“Il Def e la manovra correttiva sui conti pubblici non devono contenere misure volte all’inasprimento fiscale che affosserebbe la debolissima ripresa economica. Nonostante le esigenze poste dall’Unione europea e dai vincoli di bilancio, che ci impongono una correzione di 3,4 miliardi di euro, va evitato a tutti i costi il ricorso a ulteriori aumenti delle tasse. Sulle imprese e sulle famiglie già grava una pressione fiscale abnorme e proprio oggi l’Istat ha accertato che la metà dei redditi viene consegnata nelle casse dello Stato, nel 2015 la pressione fiscale era al 50,2% e nel 2016 è rimasta sostanzialmente invariata attestandosi al 49,6%.”. Lo dichiara il vicepresidente di Unimpresa, Claudio Pucci, nel giorno in cui il ministro dell’Economia, Pier Carlo Padoan, incontra i rappresentanti della maggioranza parlamentare in vista della presentazione, programmata per la prossima settimana, del Documento di economia e finanza.

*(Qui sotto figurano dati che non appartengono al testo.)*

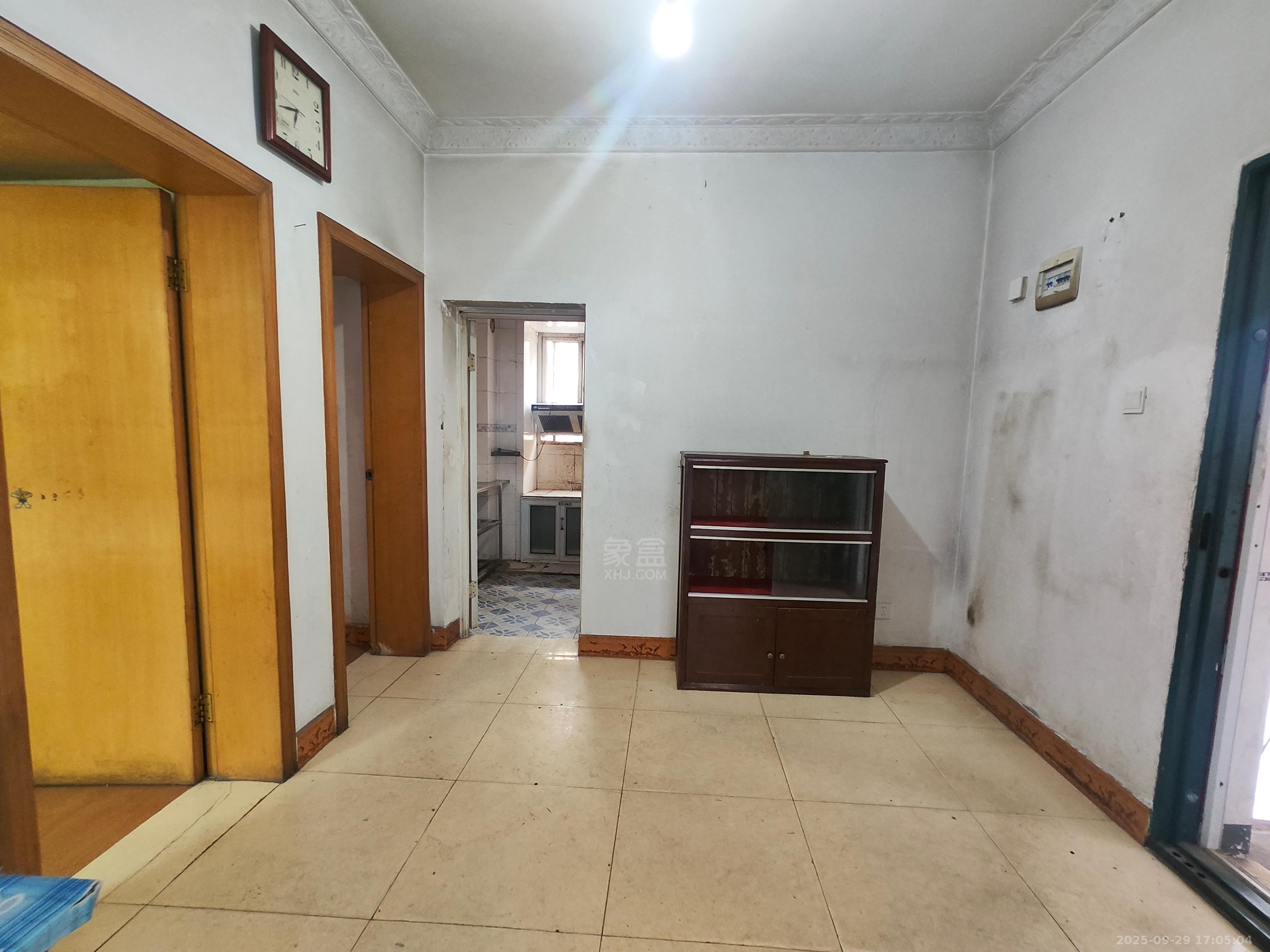 石塘冲  2室2厅1卫    800.0元/月室内图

Unimpresa ha già formalmente inviato al governo e al Parlamento una proposta specifica sul fisco. Il pacchetto prevede due fasce per le tasse sui redditi d’impresa: la prima, quella della aziende più piccole, con fatturato fino a 300.000 euro, prevede una imposta sostituiva con aliquota al 5% per le imprese senza dipendenti, al 3% con un dipendente, all’1% con più di un dipendente; per la seconda fascia, oltre i 300.000 euro di fatturato, verrebbe istituita una flat tax con tassazione su reddito netto con aliquota al 20%.
Secondo la proposta di Unimpresa, le aziende più piccole verrebbero agevolate anche da adempimenti amministrativi ridotti al minimo, col solo obbligo delle liquidazioni Iva. Esclusi gli strumenti induttivi di accertamento del reddito. Resterebbe comunque la possibilità di optare per il regime ordinario, che non verrebbe cancellato. Per le aziende più grandi, identificate con fatturato superiore a 300.000 euro, la flat tax al 20% verrebbe applicata al reddito netto, calcolato con la differenza aritmetica tra ricavi e costi.
Unimpresa suggerisce pure la totale abolizione dell’Irap: un primo passo è stato attuato con le modifiche introdotte dal primo governo “Renzi”, che ha abolito la tassazione dell’imposta regionale sulle attività produttive calcolata sul costo del lavoro. Tuttavia continua a permanere l’incidenza di una imposta che non ha nessuna ragione di esistere, se non quella di “fare cassa”.
L’associazione auspica poi l’abolizione delle norme attuali sulle attività estere della piccola impresa. Ciò con particolare riferimento alle norme relative al transfer price, prevedendo sempre la punibilità degli abusi, ma esonerando il piccolo imprenditore (qualifica legata ai volumi di affari) dai costosi e impossibili adempimenti legati alla predisposizione della documentazione “transfer price”. Ad esempio potrebbe essere previsto per questi un ruling obbligatorio “certo” e “fisso”. Inoltre viene proposta la rivisitazione completa della norma che stabilisce la presunzione della “esterovestizione”, escludendola quando la delocalizzazione dell’impresa non coincida con la cancellazione dell’impresa italiana ma una sua “espansione” in termini territoriali. Per ciò che concerne la exit-tax si chiede una maggiore chiarezza interpretativa distinguendo fra la strumentale cessazione dell’attività imprenditoriale in Italia con il trasferimento di beni materiali e immateriali all’estero, e la semplice cessazione con alienazione di beni in Italia e la creazione di una nuova impresa all’estero.